ABOUT THIS EXERCISE:
Output all entries below exactly as they are given.

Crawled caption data
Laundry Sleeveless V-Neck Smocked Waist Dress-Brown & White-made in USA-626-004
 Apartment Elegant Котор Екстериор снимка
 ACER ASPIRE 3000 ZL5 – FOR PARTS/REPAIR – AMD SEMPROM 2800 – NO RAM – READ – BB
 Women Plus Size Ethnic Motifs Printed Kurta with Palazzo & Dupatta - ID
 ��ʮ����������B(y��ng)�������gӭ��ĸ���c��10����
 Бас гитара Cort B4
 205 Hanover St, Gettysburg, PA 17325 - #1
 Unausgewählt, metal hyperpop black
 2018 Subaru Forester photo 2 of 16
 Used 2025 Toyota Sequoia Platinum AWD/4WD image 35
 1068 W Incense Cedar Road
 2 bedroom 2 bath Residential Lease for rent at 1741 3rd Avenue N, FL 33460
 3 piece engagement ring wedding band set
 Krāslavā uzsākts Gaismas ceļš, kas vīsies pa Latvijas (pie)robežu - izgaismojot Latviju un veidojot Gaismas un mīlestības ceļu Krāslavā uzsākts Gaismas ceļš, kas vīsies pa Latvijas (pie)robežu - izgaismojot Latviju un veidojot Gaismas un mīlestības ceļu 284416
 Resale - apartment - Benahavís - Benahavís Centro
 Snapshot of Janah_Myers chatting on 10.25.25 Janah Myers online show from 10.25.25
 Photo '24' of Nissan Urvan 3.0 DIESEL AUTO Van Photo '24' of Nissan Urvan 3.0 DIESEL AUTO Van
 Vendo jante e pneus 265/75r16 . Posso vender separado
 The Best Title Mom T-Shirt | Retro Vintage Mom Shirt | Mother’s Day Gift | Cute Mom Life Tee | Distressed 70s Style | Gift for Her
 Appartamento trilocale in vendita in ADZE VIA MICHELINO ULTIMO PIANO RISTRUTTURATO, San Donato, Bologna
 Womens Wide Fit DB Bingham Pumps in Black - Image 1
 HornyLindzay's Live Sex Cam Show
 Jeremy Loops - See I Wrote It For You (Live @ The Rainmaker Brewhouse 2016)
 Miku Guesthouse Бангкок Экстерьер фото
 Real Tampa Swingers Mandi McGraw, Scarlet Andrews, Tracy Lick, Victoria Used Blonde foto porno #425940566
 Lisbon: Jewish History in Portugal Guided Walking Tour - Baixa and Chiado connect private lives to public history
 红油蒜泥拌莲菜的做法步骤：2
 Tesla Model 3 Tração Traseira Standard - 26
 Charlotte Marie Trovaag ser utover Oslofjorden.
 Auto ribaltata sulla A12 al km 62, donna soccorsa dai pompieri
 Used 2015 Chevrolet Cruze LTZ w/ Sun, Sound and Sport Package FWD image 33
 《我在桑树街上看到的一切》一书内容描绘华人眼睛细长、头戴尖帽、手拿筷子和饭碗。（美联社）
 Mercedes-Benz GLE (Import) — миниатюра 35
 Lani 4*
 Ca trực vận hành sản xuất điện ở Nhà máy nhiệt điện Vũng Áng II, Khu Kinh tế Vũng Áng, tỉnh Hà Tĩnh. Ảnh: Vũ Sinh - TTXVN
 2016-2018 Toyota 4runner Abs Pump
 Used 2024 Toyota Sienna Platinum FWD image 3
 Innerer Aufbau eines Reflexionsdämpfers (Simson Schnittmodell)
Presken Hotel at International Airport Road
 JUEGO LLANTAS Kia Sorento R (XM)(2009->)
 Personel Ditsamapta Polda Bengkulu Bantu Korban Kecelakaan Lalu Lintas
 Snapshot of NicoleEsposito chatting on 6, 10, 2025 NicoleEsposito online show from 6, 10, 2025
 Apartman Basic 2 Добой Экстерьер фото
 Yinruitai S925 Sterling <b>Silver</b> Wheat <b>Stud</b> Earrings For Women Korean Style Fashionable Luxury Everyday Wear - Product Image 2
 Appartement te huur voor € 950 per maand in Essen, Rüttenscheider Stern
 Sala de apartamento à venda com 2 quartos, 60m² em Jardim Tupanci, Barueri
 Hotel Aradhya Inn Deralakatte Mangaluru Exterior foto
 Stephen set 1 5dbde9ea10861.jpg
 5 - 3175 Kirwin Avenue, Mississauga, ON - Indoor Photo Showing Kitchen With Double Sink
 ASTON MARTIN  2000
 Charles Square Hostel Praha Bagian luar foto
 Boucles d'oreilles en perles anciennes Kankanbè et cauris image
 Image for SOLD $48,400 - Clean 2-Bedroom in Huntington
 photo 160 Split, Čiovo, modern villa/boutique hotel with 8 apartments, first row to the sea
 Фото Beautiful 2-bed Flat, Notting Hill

EXERCISE OUTPUT:
Laundry Sleeveless V-Neck Smocked Waist Dress-Brown & White-made in USA-626-004
 Apartment Elegant Котор Екстериор снимка
 ACER ASPIRE 3000 ZL5 – FOR PARTS/REPAIR – AMD SEMPROM 2800 – NO RAM – READ – BB
 Women Plus Size Ethnic Motifs Printed Kurta with Palazzo & Dupatta - ID
 ��ʮ����������B(y��ng)�������gӭ��ĸ���c��10����
 Бас гитара Cort B4
 205 Hanover St, Gettysburg, PA 17325 - #1
 Unausgewählt, metal hyperpop black
 2018 Subaru Forester photo 2 of 16
 Used 2025 Toyota Sequoia Platinum AWD/4WD image 35
 1068 W Incense Cedar Road
 2 bedroom 2 bath Residential Lease for rent at 1741 3rd Avenue N, FL 33460
 3 piece engagement ring wedding band set
 Krāslavā uzsākts Gaismas ceļš, kas vīsies pa Latvijas (pie)robežu - izgaismojot Latviju un veidojot Gaismas un mīlestības ceļu Krāslavā uzsākts Gaismas ceļš, kas vīsies pa Latvijas (pie)robežu - izgaismojot Latviju un veidojot Gaismas un mīlestības ceļu 284416
 Resale - apartment - Benahavís - Benahavís Centro
 Snapshot of Janah_Myers chatting on 10.25.25 Janah Myers online show from 10.25.25
 Photo '24' of Nissan Urvan 3.0 DIESEL AUTO Van Photo '24' of Nissan Urvan 3.0 DIESEL AUTO Van
 Vendo jante e pneus 265/75r16 . Posso vender separado
 The Best Title Mom T-Shirt | Retro Vintage Mom Shirt | Mother’s Day Gift | Cute Mom Life Tee | Distressed 70s Style | Gift for Her
 Appartamento trilocale in vendita in ADZE VIA MICHELINO ULTIMO PIANO RISTRUTTURATO, San Donato, Bologna
 Womens Wide Fit DB Bingham Pumps in Black - Image 1
 HornyLindzay's Live Sex Cam Show
 Jeremy Loops - See I Wrote It For You (Live @ The Rainmaker Brewhouse 2016)
 Miku Guesthouse Бангкок Экстерьер фото
 Real Tampa Swingers Mandi McGraw, Scarlet Andrews, Tracy Lick, Victoria Used Blonde foto porno #425940566
 Lisbon: Jewish History in Portugal Guided Walking Tour - Baixa and Chiado connect private lives to public history
 红油蒜泥拌莲菜的做法步骤：2
 Tesla Model 3 Tração Traseira Standard - 26
 Charlotte Marie Trovaag ser utover Oslofjorden.
 Auto ribaltata sulla A12 al km 62, donna soccorsa dai pompieri
 Used 2015 Chevrolet Cruze LTZ w/ Sun, Sound and Sport Package FWD image 33
 《我在桑树街上看到的一切》一书内容描绘华人眼睛细长、头戴尖帽、手拿筷子和饭碗。（美联社）
 Mercedes-Benz GLE (Import) — миниатюра 35
 Lani 4*
 Ca trực vận hành sản xuất điện ở Nhà máy nhiệt điện Vũng Áng II, Khu Kinh tế Vũng Áng, tỉnh Hà Tĩnh. Ảnh: Vũ Sinh - TTXVN
 2016-2018 Toyota 4runner Abs Pump
 Used 2024 Toyota Sienna Platinum FWD image 3
 Innerer Aufbau eines Reflexionsdämpfers (Simson Schnittmodell)
Presken Hotel at International Airport Road
 JUEGO LLANTAS Kia Sorento R (XM)(2009->)
 Personel Ditsamapta Polda Bengkulu Bantu Korban Kecelakaan Lalu Lintas
 Snapshot of NicoleEsposito chatting on 6, 10, 2025 NicoleEsposito online show from 6, 10, 2025
 Apartman Basic 2 Добой Экстерьер фото
 Yinruitai S925 Sterling <b>Silver</b> Wheat <b>Stud</b> Earrings For Women Korean Style Fashionable Luxury Everyday Wear - Product Image 2
 Appartement te huur voor € 950 per maand in Essen, Rüttenscheider Stern
 Sala de apartamento à venda com 2 quartos, 60m² em Jardim Tupanci, Barueri
 Hotel Aradhya Inn Deralakatte Mangaluru Exterior foto
 Stephen set 1 5dbde9ea10861.jpg
 5 - 3175 Kirwin Avenue, Mississauga, ON - Indoor Photo Showing Kitchen With Double Sink
 ASTON MARTIN  2000
 Charles Square Hostel Praha Bagian luar foto
 Boucles d'oreilles en perles anciennes Kankanbè et cauris image
 Image for SOLD $48,400 - Clean 2-Bedroom in Huntington
 photo 160 Split, Čiovo, modern villa/boutique hotel with 8 apartments, first row to the sea
 Фото Beautiful 2-bed Flat, Notting Hill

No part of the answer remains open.